[Captioned web images]

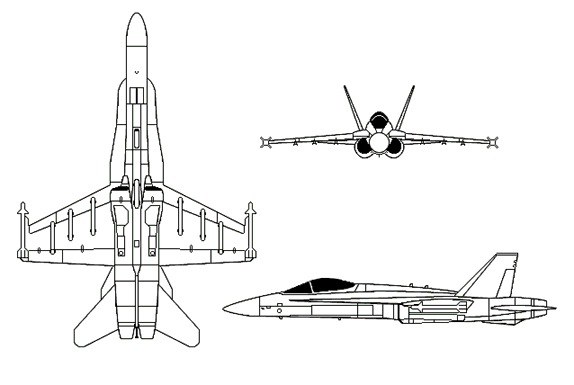 ملف:McDonnell Douglas F-A-18 Hornet 3-view line drawing.png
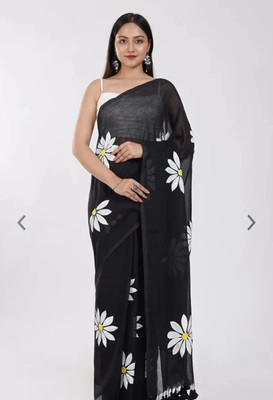 Myraani Printed Bollywood Cotton Linen, Art Silk Saree(Black, White)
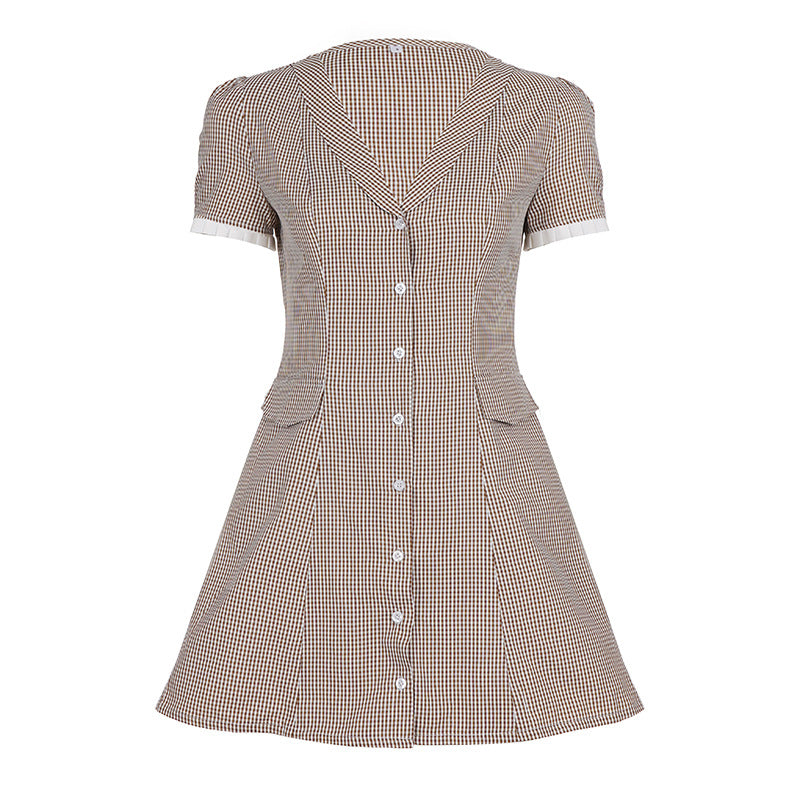 Damen Hemdkleid mit V-Ausschnitt und karierter Struktur Drune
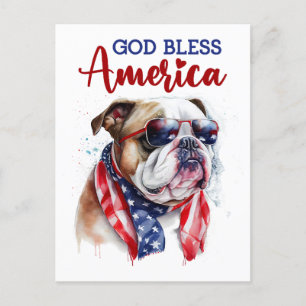 Postal Bulldog Patriótico, Deus Abençoe a América Cartão 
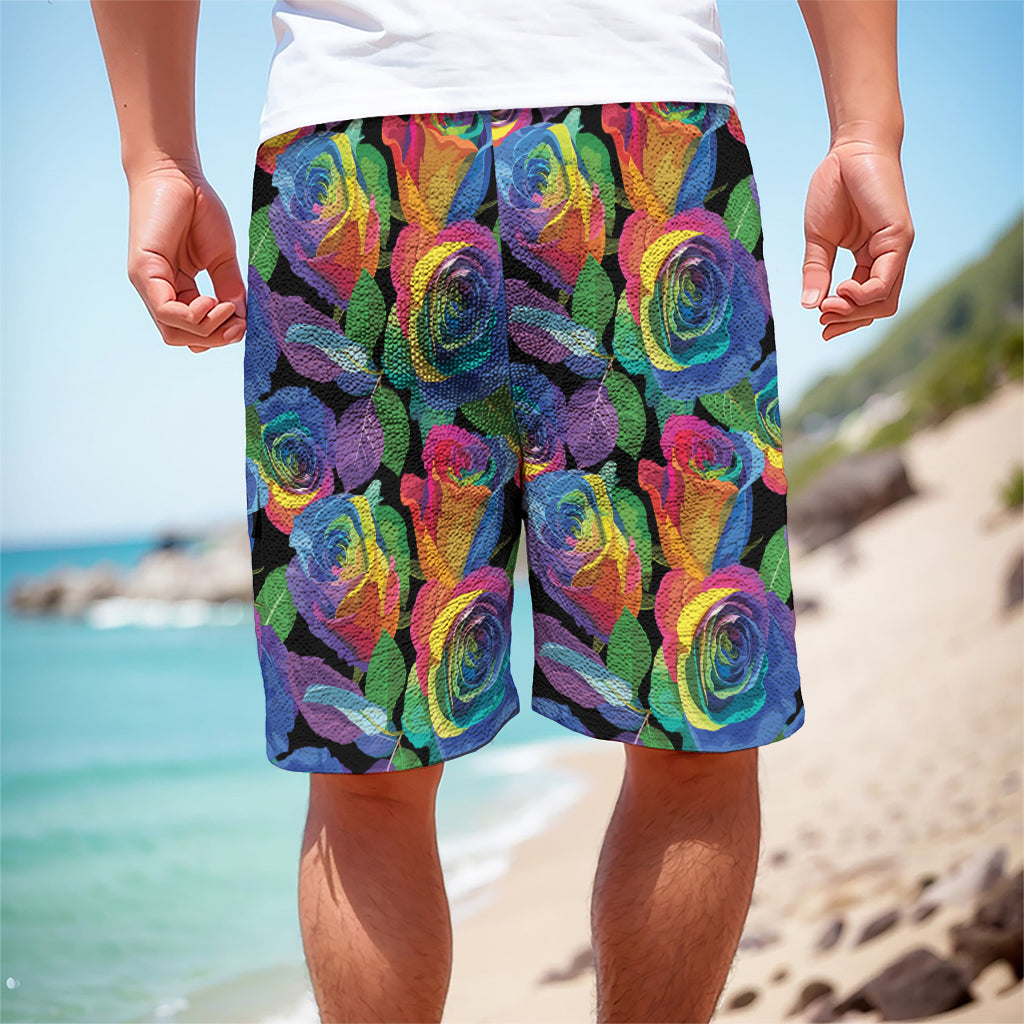 LGBT Pride Rainbow Roses Pattern Print Men's Cargo Shorts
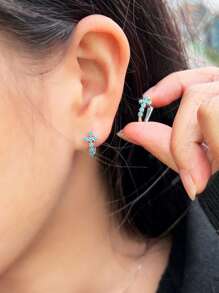 1 对正品 925 纯银蓝绿松石十字架耳扣耳钉耳环适合女士派对订婚精美珠宝礼物 - 白色 - 查看 3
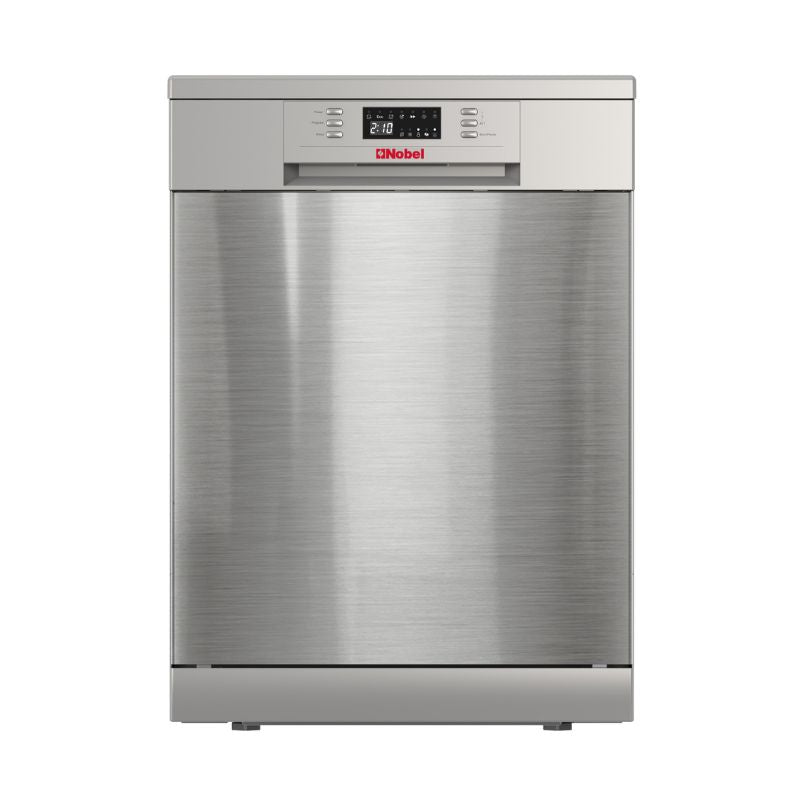 Nobel Dishwasher, 12 Place Settings, Mechanical Control, 11L Water Consumption, 2 Spraying Arms, 6 Programs, Red LED Display, Delay Start, Half Load Option, Child Lock NDW6612 Silver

* Task requirements
Repeat the records word for word and drop any pictures.

* Completed task
 ملف:McDonnell Douglas F-A-18 Hornet 3-view line drawing.png
 Myraani Printed Bollywood Cotton Linen, Art Silk Saree(Black, White)
 Damen Hemdkleid mit V-Ausschnitt und karierter Struktur Drune
 Postal Bulldog Patriótico, Deus Abençoe a América Cartão 
 LGBT Pride Rainbow Roses Pattern Print Men's Cargo Shorts
 1 对正品 925 纯银蓝绿松石十字架耳扣耳钉耳环适合女士派对订婚精美珠宝礼物 - 白色 - 查看 3
 Nobel Dishwasher, 12 Place Settings, Mechanical Control, 11L Water Consumption, 2 Spraying Arms, 6 Programs, Red LED Display, Delay Start, Half Load Option, Child Lock NDW6612 Silver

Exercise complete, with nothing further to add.